23 Feb 2015

Bash Prompt Command Duration

My current bash prompt is fairly useful, it tells me on which machine it's running (useful for situations where I'm ssh'ed out to different places or running in one of multiple text-based VMs), it tells me which under which user I'm currently running, and it indicates where I am in the directory structure. If I happen to be located in a git repository it'll also tell me which branch is currently checked-out, and whether or not my working directory is clean.

A couple years back I added a timestamp: every time bash prints out my prompt, it prints out the date and time it did so. I found that I would write code using one or more terminals and I'd have another terminal for "make check". Since the testing could take a while I would often go off and do other things while waiting for it to complete. Sometimes I would go off for so long that, upon returning, I couldn't remember whether or not the tests were run after my most recent code changes! Comparing the time stamps on the various terminals (or on the code files) would quickly remind me whether or not the tests were run.

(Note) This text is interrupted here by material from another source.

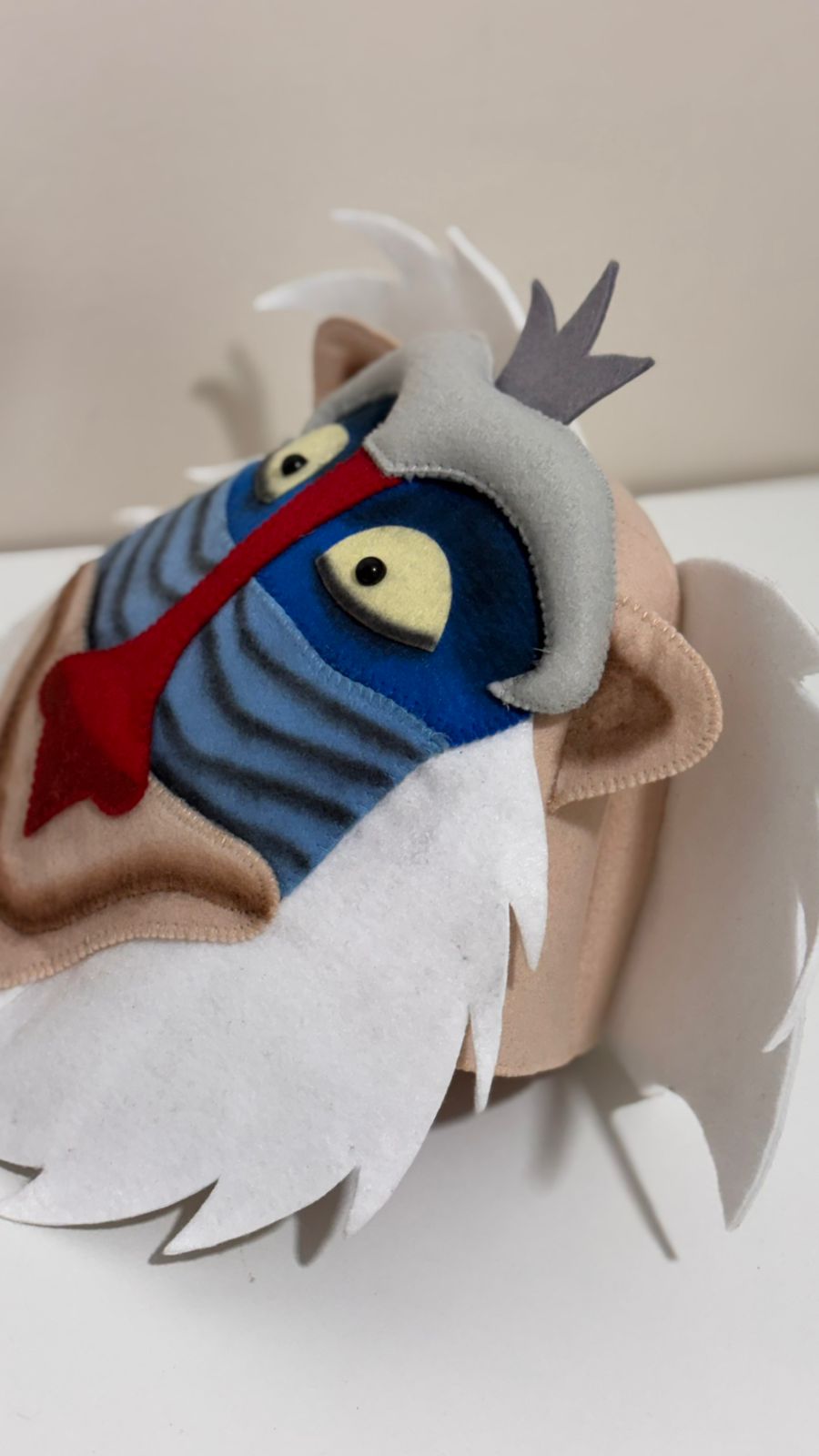 Molde - Touca Rafiki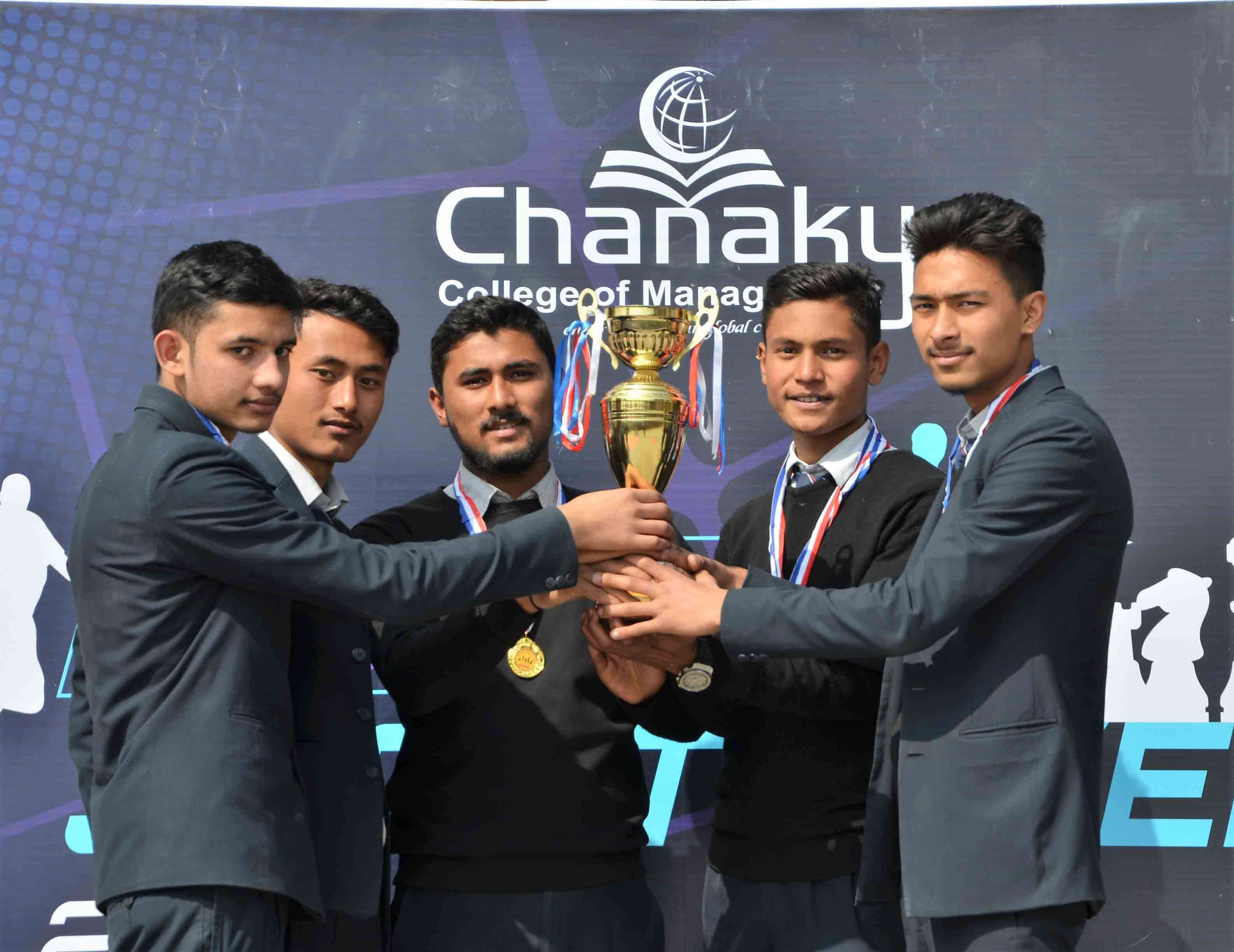 Chanakya college of Management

In recent years I've also taken to using "pushd" and "popd" quite a bit. In a strange way, pushing into other directories has sort of become a rather crude "todo list" in my workflow. I'll be working on task A, but then realize something else needs to be done. I'll "pushd" somewhere else to do task B and, if I remember to "popd", be brought back to task A. Trying to remember how many levels deep I was became difficult, so I added a "dirs:" count to my bash command line to keep track of how many times I had "pushd".

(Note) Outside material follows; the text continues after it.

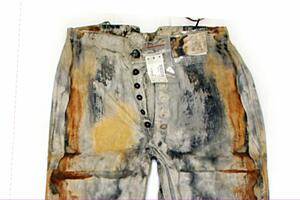 Prodate najstarije pantalone, veruje se da su prve farmerke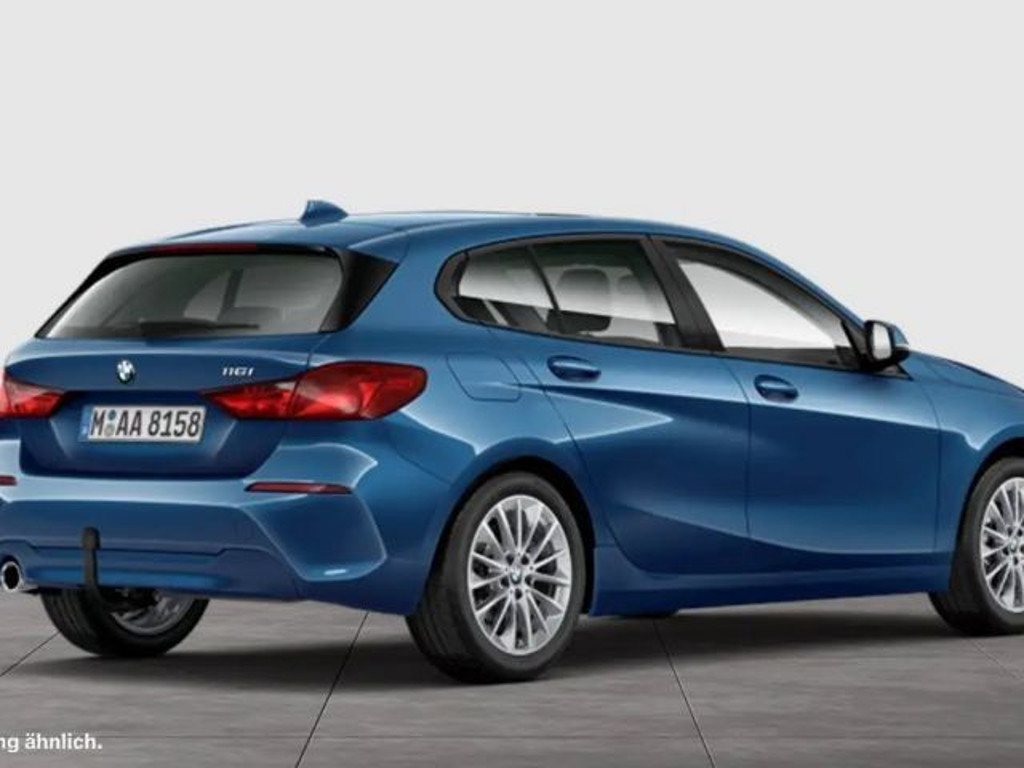 BMW 1 Serie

Since the pushd count proved so useful, I also added something similar to keep track of how many background tasks a given terminal had spawned; a "jobs:" count.

Recently I've come to realize that there's another piece of information I'd like my bash prompt to keep track of for me: what was the duration of the last command I just ran?

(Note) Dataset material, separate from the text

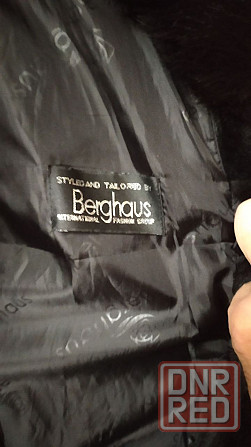 Продам шубу из волка Донецк - изображение 4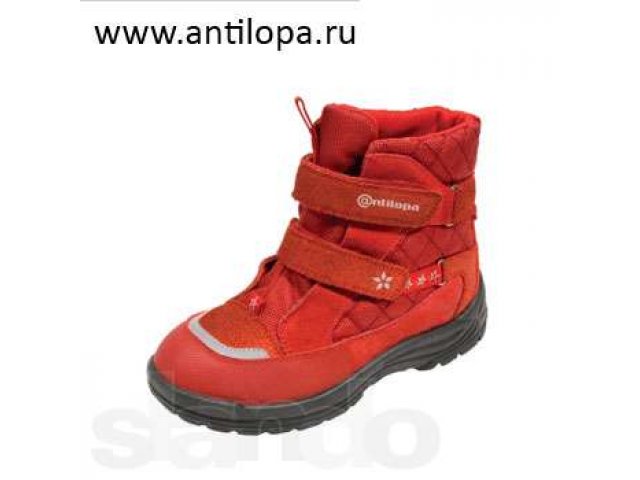 Продаю детскую обувь зима-летоАнтилопа(НОВАЯ!)для девочек 22-38разм в городе Куровское, фото 1, Московская область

Often I'll do a "du -sh <dir>" on some directory to see where all my disk space is being eaten up. Often I can guess which directories contain few bytes and which contain a lot. But sometimes an innocuous looking directory will surprise me and "du" will take a long time. When it does finish my first question is invariably: how long did _that_ take?! Also I tend to do a lot of builds, and I'm always curious to know how long a build took. For commands that produce little output, figuring out the duration is easy: I just look at the current prompt's timestamp and compare it to the last prompt's timestamp. But for any command which produces lots of "scroll off the end of the scroll-back buffer" output I lose the ability to figure out if a command ended shortly after I gave up waiting and went to bed, or whether it finished just before I got up in the morning.

Therefore I recently tweaked my bash command-line prompt, yet again, to give me the duration of the last command that was run.

There are two "tricks" that were necessary to get this working successfully. The first is the "SECONDS" environment variable bash provides. If you haven't undefined it, or otherwise used it for your own purposes, bash provides an environment variable called "SECONDS" which, when read, gives you the number of seconds since a given bash instance was started. The second trick is using bash's "trap" functionality with the "DEBUG" signal. When using trap: "if a sigspec is DEBUG, the command arg is executed before every simple command".

Keeping track of the duration of any command is a simple matter of storing the current SECONDS at the start of the command, then comparing that value to the current SECONDS at the end of the command. We know when any new command is about to start thanks to the DEBUG trap, and we know when the command is done thanks to bash printing a new PS1 prompt.

You can find all the gory details here:
https://github.com/twoerner/myconfig/blob/master/bashrc

Final tweaks include not printing a duration if it is zero, and printing the duration in hh:mm:ss format if it is longer than 59 seconds.